A new platform called Professional Learning Communities has put an emphasis on teaching students those skills that they need in order to succeed and, in the process, raised test scores.

According to elementary school principal Jay Swatek, PLC uses teacher collaboration to set priority standards in each grade.

“As a school, we decided what standards are priority standards,” Swatek said. “When we say ‘priority,’ we mean they are the most important in that grade. The kids have to master those to be successful at the next level.”

Swatek initially learned about PLC from his brother Dan, an elementary principal in the South Sioux City School District. A Department of Education grant paid for training in PLC through Solution Tree, an education company that specializes in the collaborative program.

In addition to Solution Tree training, Swatek took a van load of teachers to his brother’s school in South Sioux City.

“We were able to see how teachers met and pinpointed that collaboration conversation on student needs and student data,” Swatek said.

In PLC, teams of teachers met to decide each grade’s priority standards. They then met with teams from the grade above and the grade below for their input.

“We’re trying to vertically align those standards for our kids,” Swatek said.

To explain what “priority standards” include, Swatek used an example from fourth-grade math.
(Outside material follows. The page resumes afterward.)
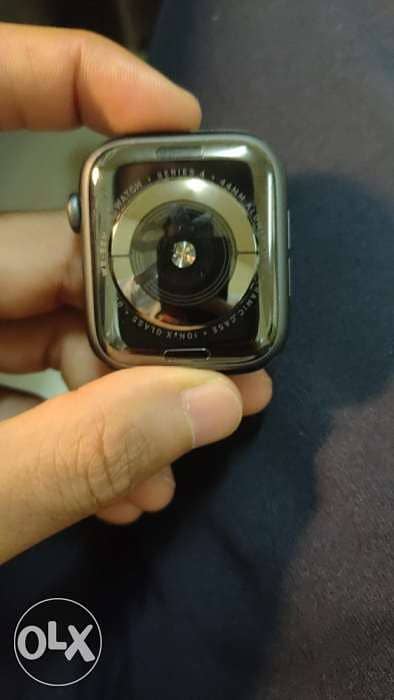 Apple Watch  phones ipad display  top glass repairing 1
A priority standard would be student mastery of a multi-step word problem. A standard would be having students draw and identify lines and angles.

“We’re not skipping standards that aren’t priority standards,” Swatek said, “but what we have deemed as priority, we are guaranteeing, to our best ability, that each kid master those.”

As students master a priority standard, they move on to enrichment for an even deeper understanding. Students who have yet to master a priority standard will work in intervention until they have achieved mastery.

“The evidence shows that if we get mastery of those priority standards, there’s a residual effect of learning those other standards,” Swatek said. “The learning in those standards also goes up.”

Swatek said evidence also shows that another benefit of PLC is an increase in test scores.

“We have jumped on this journey because of test scores,” Swatek said, “but now that we’re on it, test scores are a side product. The main benefit we’re getting is improved student learning and improved student achievement.”

PLC started in the elementary school and is being implemented in the middle school and high school as well.

According to Swatek, Flandreau is experiencing success with PLC because of the district’s teachers. The teachers are the ones setting the priority standards, developing ownership of the program.

“That ownership makes them want to go do it,” Swatek said. “They believe it’s the right thing for our kids for student learning, student achievement.”